Очерки и воспоминания
Шрифт:
Пришла февральская революция 1917 года. Засияли хмурые лица ночных заговорщиков еврейского Петербурга, можно было открыто говорить и действовать. Наш тихий конспиратор на время исчезает с моего поля зрения. Но приходит на смену фатальный Октябрь, разрушены наши начинания, опять приходится совещаться, как бороться против контрреволюции слева, против опасностей гражданской войны и еврейских погромов. Помню пасхальный день 1918 года. Мы сидим в квартире сиониста Розова, и Браудо обсуждает совместно с нами план учреждения Еврейского Национального Совета из состава депутатов, избранных в разогнанное большевиками Учредительное Собрание, и делегатов несостоявшегося Всероссийского Еврейского Съезда (ВЕС). Совет учрежден, собирается в течение весенних и летних месяцев, - но хаос большевизма растет и поглощает эту последнюю организацию петербургского еврейства.

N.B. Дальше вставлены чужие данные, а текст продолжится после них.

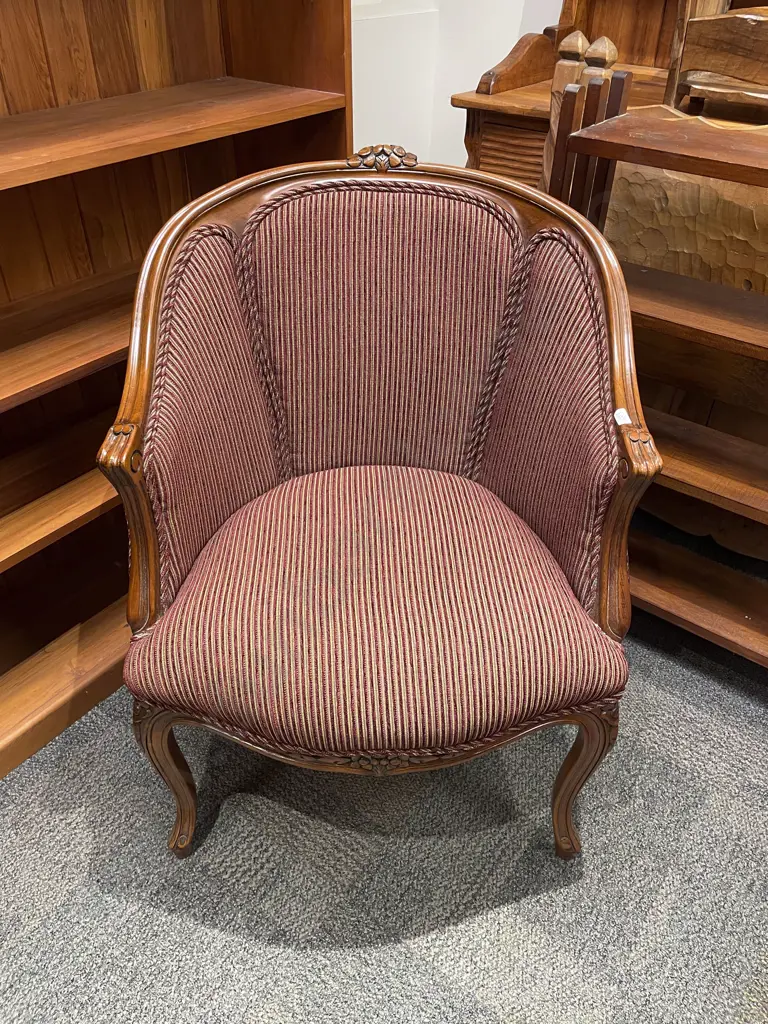 Pair of Reproduction Parlour Chairs Image 1++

Петербург тонет в волнах этого хаоса. Террор, голод, холод превращают город в обиталище пещерных людей. Разбежались близкие друзья, сотрудники, соратники, а оставшиеся ютятся в своих примитивных квартирах, разобщенные, вследствие разрушения способов передвижения. Надолго я теряю А. И. Браудо из виду. Он получил в Публичной Библиотеке пост вицедиректора, но вероятно живет не лучше других пещерных людей бывшей столицы. Лишь незадолго до моего исхода из большевицкого "дома рабства" я встречался раза два или три с Браудо, на помню уже по какому поводу. Перед отъездом я поехал прощаться с ним. Не застал дома, в квартире рядом с Публичной Библиотекой, и оставил ему записку, которая меня самого взволновала. Я писал, что в течение нашей многолетней совместной работы я научился ценить его глубокую преданность нашему народному делу, прямоту и правдивость его натуры. Это было весною 1922 года, когда я прощался навсегда с Петербургом и со всей Россией.

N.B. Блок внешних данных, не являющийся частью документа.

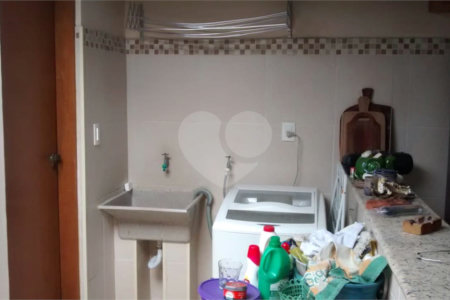 Casa à venda com 2 quartos em Vila Suissa, Mogi das Cruzes, SP
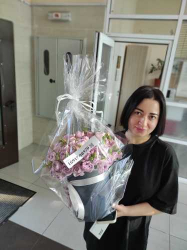 Delivery in Ukraine - 35 pion-shaped roses in the box "Queen"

Через два года, когда я жил в Берлине, меня посетили двое гостей из Петербурга: А. И. Браудо и Л. Я. Штернберг. Оба имели какие-то "командировки" с научными целями: {49} иначе их не выпустили бы из советского Ленинграда даже на короткое время. В наших беседах они разделили между собой роли: Штернберг говорил, рассказывал о запустении старого Петербурга, а Браудо грустно молчал. Через несколько дней оба ухали, один в Брюссель на конференции этнографов, другой в Лондон.

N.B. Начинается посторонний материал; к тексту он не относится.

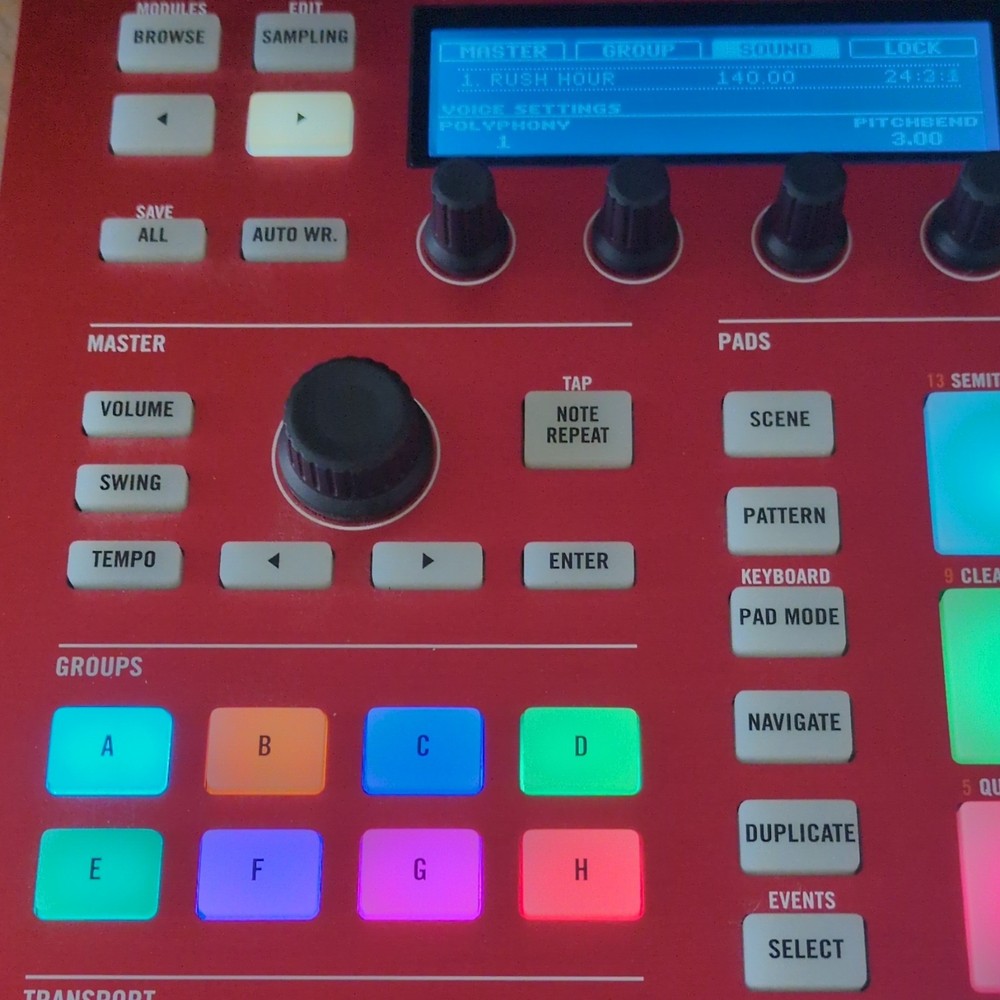 Native Instruments Maschine MK2 Red Digital Sampler & Sequencer, 16 Pad Triggers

Вскоре получилась печальная весть: Браудо внезапно умер в Лондоне от разрыва сердца, сидя в квартире эмигрантской семьи из России. Замолчало и волнующееся сердце этого человека с сомкнутыми устами. Через несколько лет умер в Петербурге и Штернберг, некогда выдержавший сахалинскую ссылку, но не выдержавший моральной пытки современного режима.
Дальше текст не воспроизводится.